The Energy Information Administration forecasts natural gas storage will reach a record-high 4.04 trillion cubic feet by October. It hit 2.5 trillion cubic feet last month, the highest March inventory since the agency started recording natural gas storage in 1994. The previous record was March 2006, when the country shouldered 1.9 trillion cubic feet.
Changing game plans
In a rush to avoid losses, producers are selling off assets and revamping investment strategies.
“There’s really not that many ways out of it,” said Alan Lammey, energy analyst for Weatherbell Analytics. “They either have to change their game plans and start going after more oil-based plays, or they have to file bankruptcy or sell their assets.”
Rigs are moving out of fields that yield dry natural gas, or methane, and moving into fields that produce crude oil and higher-value natural gas liquids. NGLs, like propane, butane and ethane, are used to manufacture plastics and other everyday items.
Chesapeake Energy Corp., of Oklahoma City, the nation’s second-largest natural gas producer behind Exxon Mobil Corp., has banked on that approach as it has come under pressure from mounting debt and low gas prices.
Eighty-five percent of the company’s capital spending budget this year targets liquids-rich plays, up from just 10 percent in 2009.
Effects on share price
Still, 83 percent of Chesapeake’s hydrocarbon reserves are in natural gas, leaving the company vulnerable to swings in gas prices, according to Securities and Exchange Commission filings.
Wall Street has taken notice. Stock prices for companies heavily invested in natural gas production have taken a beating.
Chesapeake shares are down 37 percent since this time in 2010.
Shares of Comstock Resources, a Frisco-based producer with 85 percent of its reserves in natural gas, have plummeted almost 50 percent since last spring.
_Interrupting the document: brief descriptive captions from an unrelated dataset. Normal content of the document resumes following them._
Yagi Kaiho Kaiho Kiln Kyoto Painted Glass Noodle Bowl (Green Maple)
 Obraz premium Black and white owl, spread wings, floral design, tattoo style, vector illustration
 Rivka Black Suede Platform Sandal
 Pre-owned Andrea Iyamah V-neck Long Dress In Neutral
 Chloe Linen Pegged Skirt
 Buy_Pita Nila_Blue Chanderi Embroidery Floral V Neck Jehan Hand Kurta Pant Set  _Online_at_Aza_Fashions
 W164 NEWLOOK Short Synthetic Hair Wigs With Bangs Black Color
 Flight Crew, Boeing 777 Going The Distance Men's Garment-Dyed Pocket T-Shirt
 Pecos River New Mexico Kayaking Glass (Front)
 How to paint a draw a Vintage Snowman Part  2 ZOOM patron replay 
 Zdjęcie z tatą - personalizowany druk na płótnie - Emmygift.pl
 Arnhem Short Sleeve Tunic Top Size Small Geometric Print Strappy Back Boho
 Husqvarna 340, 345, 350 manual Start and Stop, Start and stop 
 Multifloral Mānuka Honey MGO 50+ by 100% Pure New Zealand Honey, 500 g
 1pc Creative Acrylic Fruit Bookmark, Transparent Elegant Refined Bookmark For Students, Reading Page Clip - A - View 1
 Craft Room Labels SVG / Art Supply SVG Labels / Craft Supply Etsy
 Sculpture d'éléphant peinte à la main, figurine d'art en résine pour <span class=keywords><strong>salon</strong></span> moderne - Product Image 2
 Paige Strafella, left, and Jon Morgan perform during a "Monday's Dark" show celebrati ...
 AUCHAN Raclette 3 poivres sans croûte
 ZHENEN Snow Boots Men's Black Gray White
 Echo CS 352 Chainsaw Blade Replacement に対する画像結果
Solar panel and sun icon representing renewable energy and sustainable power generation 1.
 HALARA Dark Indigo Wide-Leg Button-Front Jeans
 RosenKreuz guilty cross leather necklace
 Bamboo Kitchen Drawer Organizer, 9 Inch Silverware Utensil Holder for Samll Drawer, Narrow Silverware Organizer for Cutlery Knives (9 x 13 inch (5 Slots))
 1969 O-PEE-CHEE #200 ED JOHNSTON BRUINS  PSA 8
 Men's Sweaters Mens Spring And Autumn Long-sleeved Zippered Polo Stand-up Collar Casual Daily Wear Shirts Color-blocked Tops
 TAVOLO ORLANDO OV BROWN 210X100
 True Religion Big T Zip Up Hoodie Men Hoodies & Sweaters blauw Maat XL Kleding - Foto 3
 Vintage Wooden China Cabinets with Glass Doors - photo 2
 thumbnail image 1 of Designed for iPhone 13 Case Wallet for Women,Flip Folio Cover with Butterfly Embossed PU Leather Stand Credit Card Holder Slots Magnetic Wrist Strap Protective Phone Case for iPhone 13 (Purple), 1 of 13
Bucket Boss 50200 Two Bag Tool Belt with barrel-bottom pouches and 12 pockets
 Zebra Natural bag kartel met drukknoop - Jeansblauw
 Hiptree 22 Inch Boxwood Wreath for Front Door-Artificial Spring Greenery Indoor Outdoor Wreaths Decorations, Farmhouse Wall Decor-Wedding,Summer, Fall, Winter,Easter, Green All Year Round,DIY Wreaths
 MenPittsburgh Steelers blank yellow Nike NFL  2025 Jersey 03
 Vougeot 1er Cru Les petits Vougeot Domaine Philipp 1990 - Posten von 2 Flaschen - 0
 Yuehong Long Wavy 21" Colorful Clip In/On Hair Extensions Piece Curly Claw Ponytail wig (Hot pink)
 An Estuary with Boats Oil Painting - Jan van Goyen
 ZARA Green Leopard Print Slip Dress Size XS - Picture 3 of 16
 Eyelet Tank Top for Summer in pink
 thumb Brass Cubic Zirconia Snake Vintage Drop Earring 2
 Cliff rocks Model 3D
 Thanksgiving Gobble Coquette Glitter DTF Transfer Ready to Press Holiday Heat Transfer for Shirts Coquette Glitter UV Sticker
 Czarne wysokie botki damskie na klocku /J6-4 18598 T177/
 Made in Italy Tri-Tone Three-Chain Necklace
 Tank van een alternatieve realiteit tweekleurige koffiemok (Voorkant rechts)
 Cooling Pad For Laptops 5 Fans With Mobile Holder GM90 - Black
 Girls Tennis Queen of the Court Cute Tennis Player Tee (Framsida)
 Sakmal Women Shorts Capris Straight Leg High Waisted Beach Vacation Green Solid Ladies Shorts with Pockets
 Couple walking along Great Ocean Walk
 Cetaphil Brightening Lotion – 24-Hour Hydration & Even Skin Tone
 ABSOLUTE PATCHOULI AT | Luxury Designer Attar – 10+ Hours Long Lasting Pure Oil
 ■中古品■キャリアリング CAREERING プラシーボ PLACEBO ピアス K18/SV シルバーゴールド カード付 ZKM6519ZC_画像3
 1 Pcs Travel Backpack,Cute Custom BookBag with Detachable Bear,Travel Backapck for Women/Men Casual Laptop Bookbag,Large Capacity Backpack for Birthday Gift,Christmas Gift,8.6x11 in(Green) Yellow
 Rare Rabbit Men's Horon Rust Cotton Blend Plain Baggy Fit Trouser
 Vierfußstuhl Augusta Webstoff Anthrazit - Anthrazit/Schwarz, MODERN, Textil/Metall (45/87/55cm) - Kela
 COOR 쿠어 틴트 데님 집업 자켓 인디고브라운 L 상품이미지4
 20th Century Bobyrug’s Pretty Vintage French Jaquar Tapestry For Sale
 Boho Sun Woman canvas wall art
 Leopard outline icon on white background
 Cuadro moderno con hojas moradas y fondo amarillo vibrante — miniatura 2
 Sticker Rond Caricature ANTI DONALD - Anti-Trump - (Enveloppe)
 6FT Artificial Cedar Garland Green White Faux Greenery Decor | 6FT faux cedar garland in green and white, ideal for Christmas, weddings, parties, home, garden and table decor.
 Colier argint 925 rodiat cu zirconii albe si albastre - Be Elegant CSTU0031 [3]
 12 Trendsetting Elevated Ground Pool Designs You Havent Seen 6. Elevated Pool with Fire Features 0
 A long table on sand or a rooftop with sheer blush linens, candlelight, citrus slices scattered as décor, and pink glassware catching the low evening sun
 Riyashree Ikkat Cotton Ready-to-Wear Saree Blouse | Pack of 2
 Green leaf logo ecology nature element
The company also has shifted its strategy, targeting 77 percent of its 2012 drilling budget toward oil and pulling all of its rigs out of the gas-heavy Haynesville Shale in Louisiana.
At Oklahoma City-based Devon Energy Corp., 35 percent of production was in oil and natural gas liquids in the final quarter of 2011. By 2016, the company projects oil and NGLs will make up more than half of production.
Dry gas makes up about 60 percent of the company’s reserves, but its gas fields are largely dormant these days, said spokesman Chip Minty. Drilling rigs have been cleared out.
“We’re not out there investing in new wells in a $2 market,” Minty said.
The shift to liquids could lead to gains in the near-term. But it also could create an oversupply in liquid natural gas, said Neal Dingmann, managing director of equity research for SunTrust Robinson-Humphrey.
“If the low dry gas prices cause the continued climb in liquids drilling, is there going to be a point where some of these other liquids… become overabundant and the prices start to break down materially as well?” Dingmann said.
Looking for rebound
Anadarko Petroleum Corp., based in Houston, also is pursuing more natural gas liquids, but the company believes natural gas prices will not be prohibitively low for long. “We absolutely believe natural gas is bound to rebound,” spokesman Brian Cain said.
How soon remains a question.
Several analysts forecast that natural gas will continue to drop over the next few months, even dipping below $2 per million Btu by summer.
But new demand, largely from the power generation industry, could lift prices again, they say.
“There is a tsunami of new demand coming into play in 2013 and beyond,” Lammey said. “If producers are able to trudge through this time of really low prices, there is a golden opportunity in long-term natural gas investments.”
But while natural gas probably will become the fuel of choice for new power plants, major plant expansions have been slow to develop, since natural gas prices are still considered volatile when compared with coal, said David Knox, a spokesman for NRG Energy.
“In the short term you have a situation where natural gas can be the cheapest form of energy,” Knox said. The long term, he said, is less certain.